(Short web captions)
···
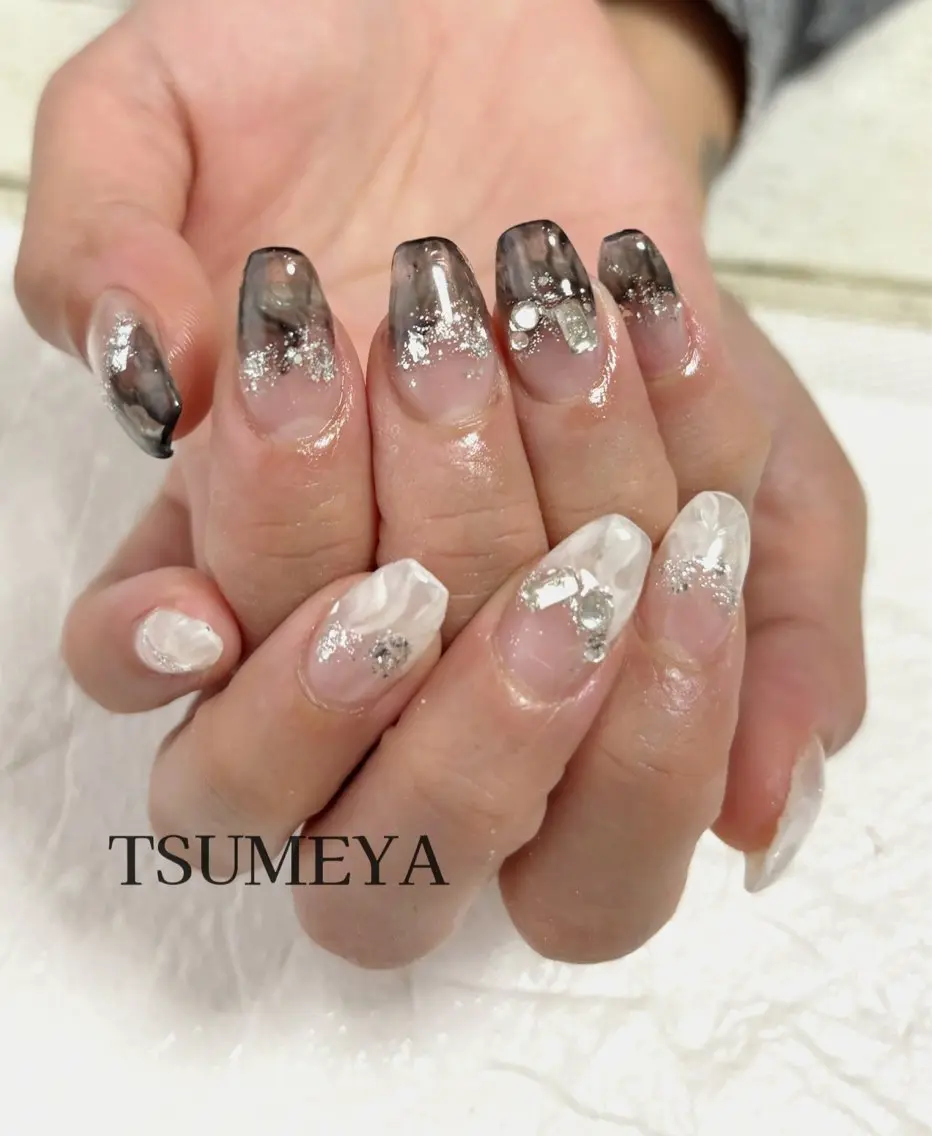 ネイル ハンドネイル _TSUMEYA _のネイルデザイン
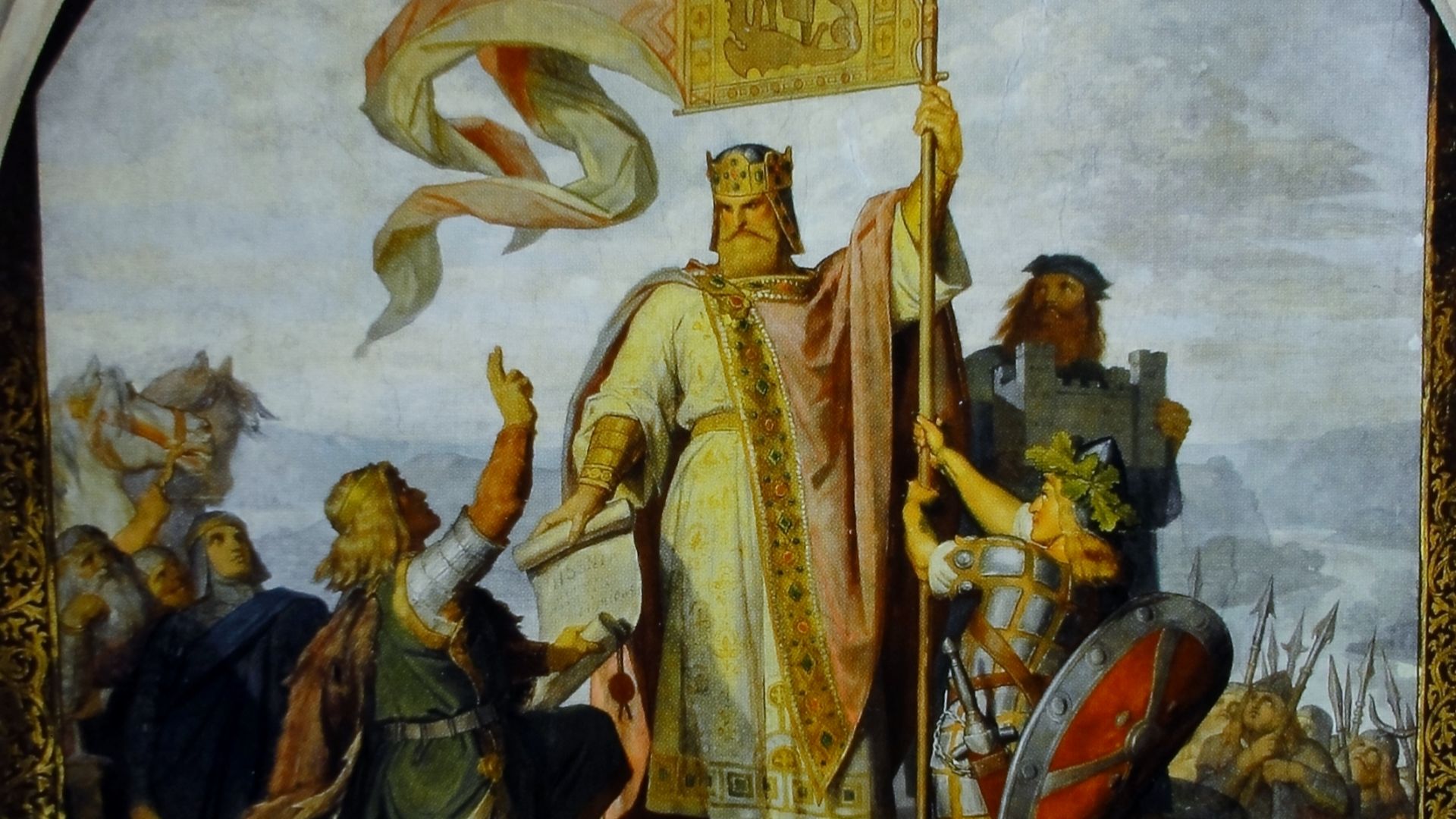 10 empires qui ont périté à cause de la cupidité et 10 qui se sont bâtis grâce au commerce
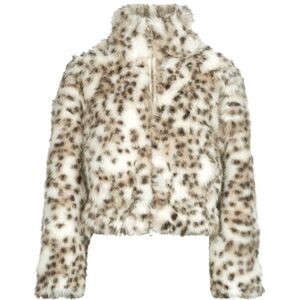 Manteau Only ONLJANIS LIFE FAUX FUR LEO Multicolore EU S,EU M,EU L,EU XS Dames Manteau Only ONLJANIS LIFE FAUX FUR LEO Multicolore EU S,EU M,EU L,EU XS Dames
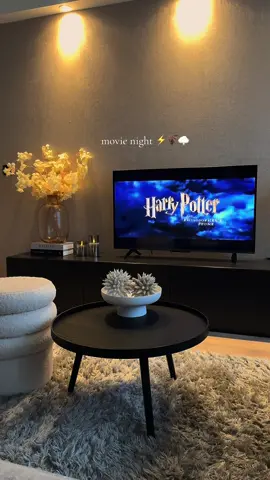 Marathon movie night 🖤 #harrypotter #harrypotteroc #movienight #october #foryoupage  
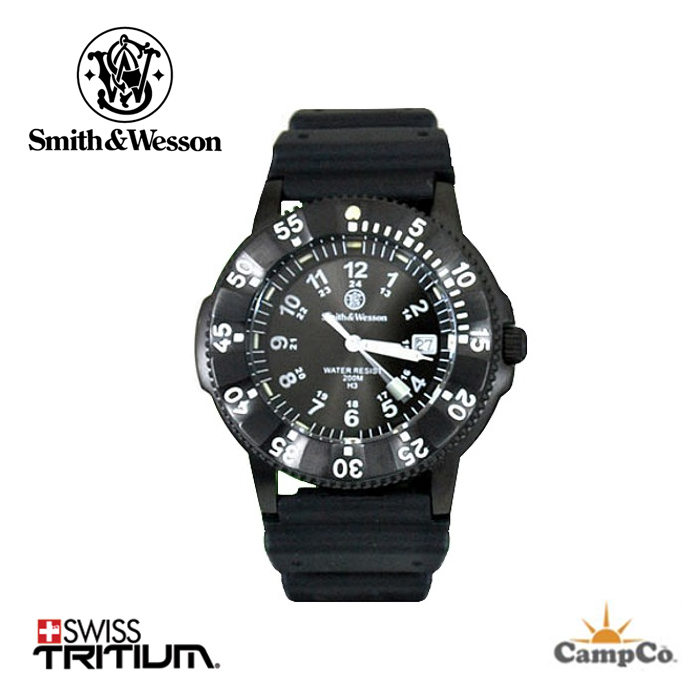 스미스앤웨슨(Smith&Wesson) [Smith & Wesson] SWW-450  Sports Watch  - 스미스 웨슨 SWW450 스포츠 시계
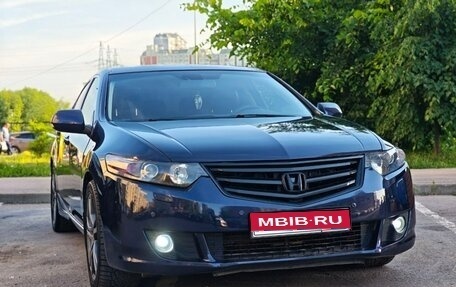 Honda Accord VIII рестайлинг, 2008 год, 1 050 000 рублей, 1 фотография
···
## [Problem to solve]
Above are the records; copy them exactly without the pictures.

## [Solution to the exercise]
 ネイル ハンドネイル _TSUMEYA _のネイルデザイン
 10 empires qui ont périté à cause de la cupidité et 10 qui se sont bâtis grâce au commerce
 Manteau Only ONLJANIS LIFE FAUX FUR LEO Multicolore EU S,EU M,EU L,EU XS Dames Manteau Only ONLJANIS LIFE FAUX FUR LEO Multicolore EU S,EU M,EU L,EU XS Dames
 Marathon movie night 🖤 #harrypotter #harrypotteroc #movienight #october #foryoupage  
 스미스앤웨슨(Smith&Wesson) [Smith & Wesson] SWW-450  Sports Watch  - 스미스 웨슨 SWW450 스포츠 시계
 Honda Accord VIII рестайлинг, 2008 год, 1 050 000 рублей, 1 фотография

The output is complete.